Les rues de Gênes sont étroites et tortueuses ; mais plusieurs d’entre elles ne sont qu’une suite de splendides palais de marbre, somptueusement décorés à l’intérieur, et qui ont valu à la ville le nom de « Gênes la superbe. »

La principale artère de Gênes part de la place Aquaverde, où s’élève la statue de Christophe Colomb, et elle s’étend, en changeant plusieurs fois de nom, jusqu’à la place delle Fontane Morose : c’est d’abord la via Balbi, où se trouvent le Palais royal, le Palais de l’université, les palais Balbi-Severega et Marcello Durazzo, qui renferment tous les deux de belles galeries de peinture ; — la place de l’Annunziata, avec l’église de ce nom, la plus brillante de Gênes ; — la via Nuovissima (palais Balbi) ; — la via Nuova, où l’on remarque le palais Bianco qui possède la Madonna della Revere, de Raphaël ; le palais Rouge renfermant une importante collection de tableaux ; du Municipe ; Adorno, etc.
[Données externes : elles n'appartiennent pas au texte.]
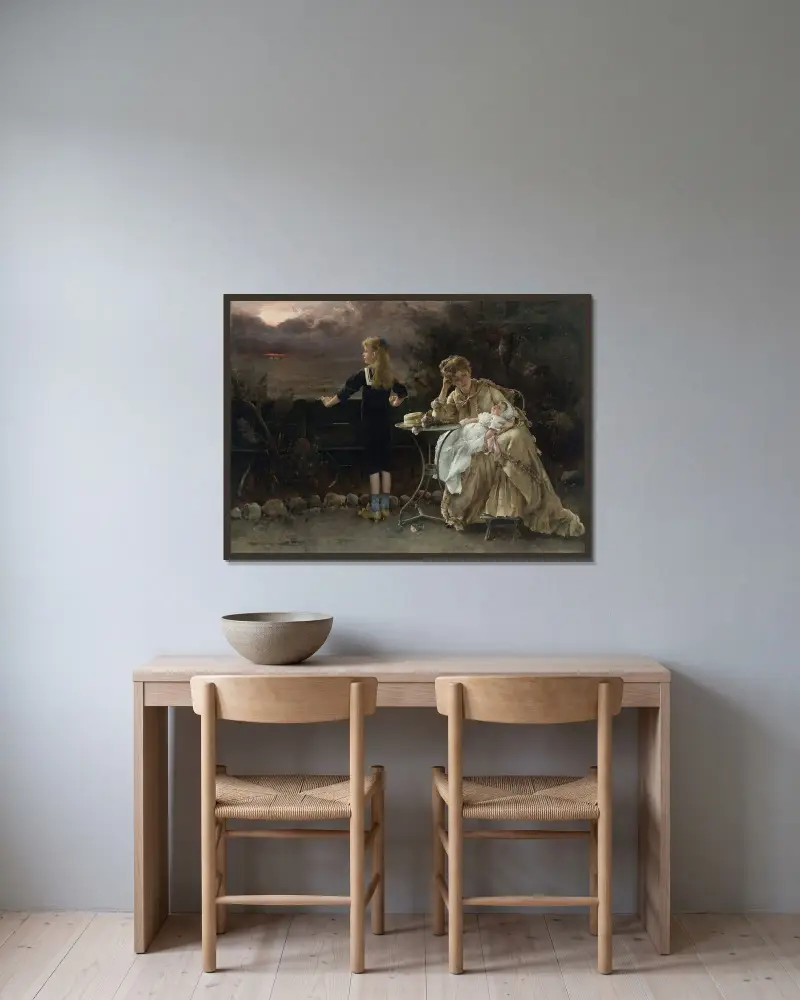 Mor och barn av Alfred Stevens inramad på en vägg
Un grand nombre d’autres palais sont disséminés dans la ville : sur la place du Principe, est situé le beau palais Doria, qui fut donné, en 1522, à André Doria, et que décorent de belles fresques ; sur la place Neuve, le Palais du gouverneur, l’ancien Palais des Doges où est conservée une table d’airain, trouvée en 1506, et sur laquelle sont gravées des sentences rendues, l’an 633 de Rome, par deux jurisconsultes romains ; le palais Pallavicini, etc.
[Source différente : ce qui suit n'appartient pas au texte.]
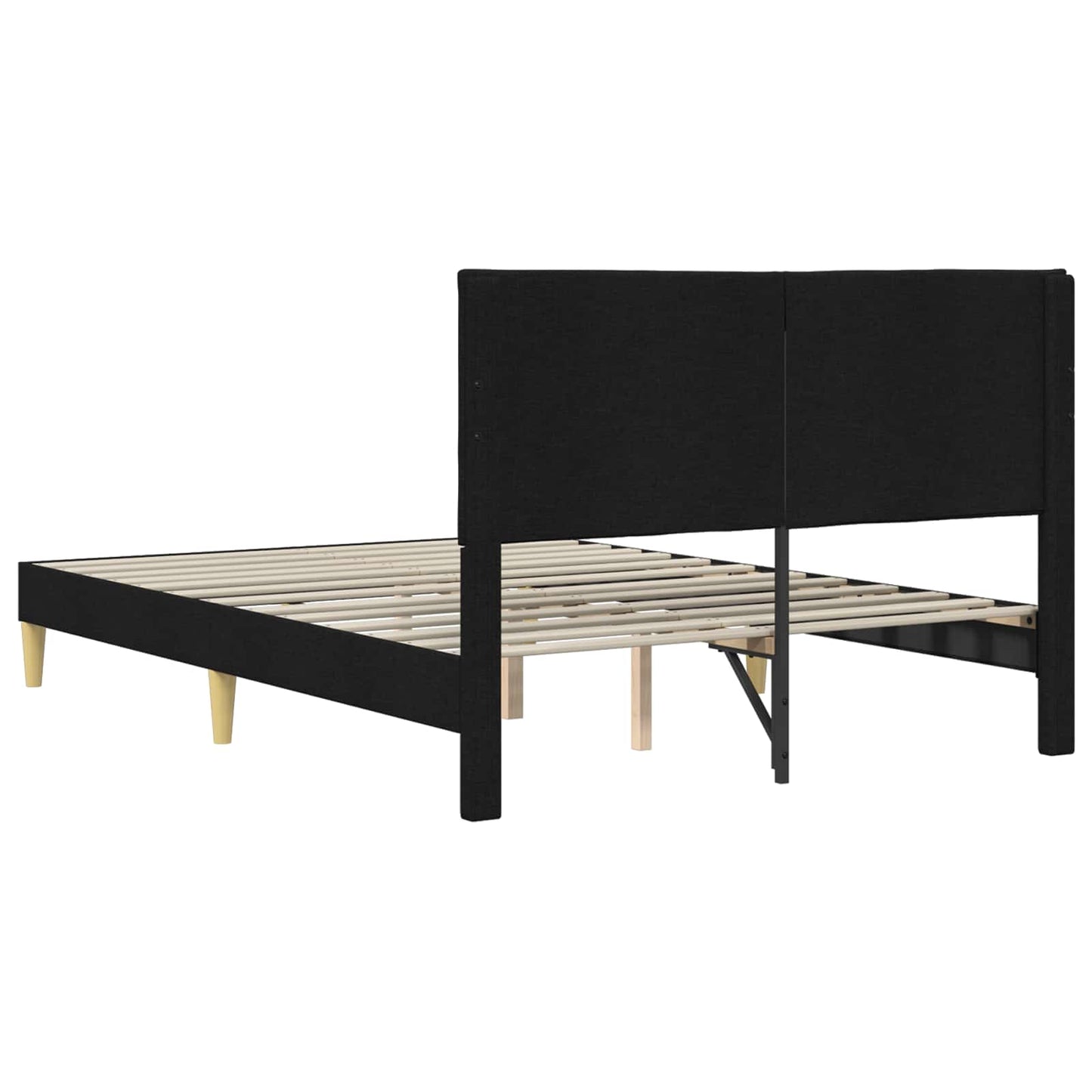 Sengestel med hovedgærde Sort 140 x 190 cm Stof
Les rues Charles-Albert et Victor-Emmanuel, longent le port, conduisent de la gare à la place St. Laurent où se trouve la Cathédrale, édifice du XIIe siècle, plusieurs fois restauré et qui offre des spécimens de plusieurs styles et où l’on voit le tombeau contenant les reliques de St. Jean-Baptiste ; le saint Graal, vase avec lequel Jésus-Christ célébra, dit-on, la Cêne.
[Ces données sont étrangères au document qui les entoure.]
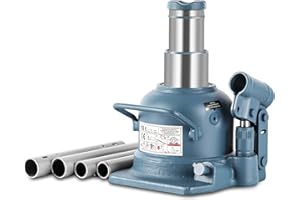 BAOSHISHAN Low Profile Bottle Jack 10 Ton Double Ram Jack 4-7/8'' to 8-7/8'' Lifting Range Hydraulic Jack Stubby Short Welded Bottle Jack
Gênes possède un grand nombre d’églises dont les plus remarquables sont dues à la munificence de familles patriciennes : San Ambrogia, ou, il Gésu ; San Stefano, où se trouve le tableau du Martyr de St. Etienne, dessiné par Raphaël et peint par Jules Romain ; Santa Maria in Carignano, la plus belle de toutes les églises de Gênes (1552) et où l’on jouit d’une vue splendide du haut de la galerie de la coupole. Près de cette église, dans les Grazie, le pittoresque quartier des pêcheurs, s’élève le pont Carignan formé d’une arcade prodigieusement haute, sous laquelle passe la via Marina et l’une des principales curiosités de Gênes.

Les deux plus belles promenades sont l’Acqua Sola et la villa Negro, situées près l’une de l’autre, sur une colline d’où l’on domine Gênes, son port et ses environs.

Je suis arrivé à Gênes dans des conditions assez curieuses. Un peu comme tout le monde, je m’étais imaginé que le peuple italien était hostile à la France et jugez de ma surprise, en entendant une douzaine de fanfares réunis sur la place Aquaverde jouer la Marseillaise aux applaudissements répétés d’une foule criant : Vive la France ! C’était le peuple génois qui célébrait l’anniversaire de la délivrance du joug autrichien, en 1847, et qui inaugurait une inscription à l’endroit où un gamin de douze ans, nommé Ballila, avait donné le signal de la révolte contre l’oppresseur. Ainsi pendant que le roi Humbert fait des alliances avec l’Allemagne et l’Autriche, son bon peuple, lui, célèbre des anniversaires qui rappellent la tyrannie autrichienne. Une autre chose qui m’a aussi curieusement frappé à Gênes, c’est que les policemen sont vêtus de longues redingotes noires et coiffés de chapeaux de castor, et portent à la main d’élégantes cannes à têtes argentées. De véritables dudes en un mot ; un peu comme nos policemen de Montréal lorsqu’on leur fait porter des blouses de deux ans qui ont grisonné sous le triple poids de l’âge, du soleil et de la poussière.

Je vous entretiendrai, dans ma prochaine, de Turin et de Milan, deux des plus belles villes qu’il soit possible de visiter.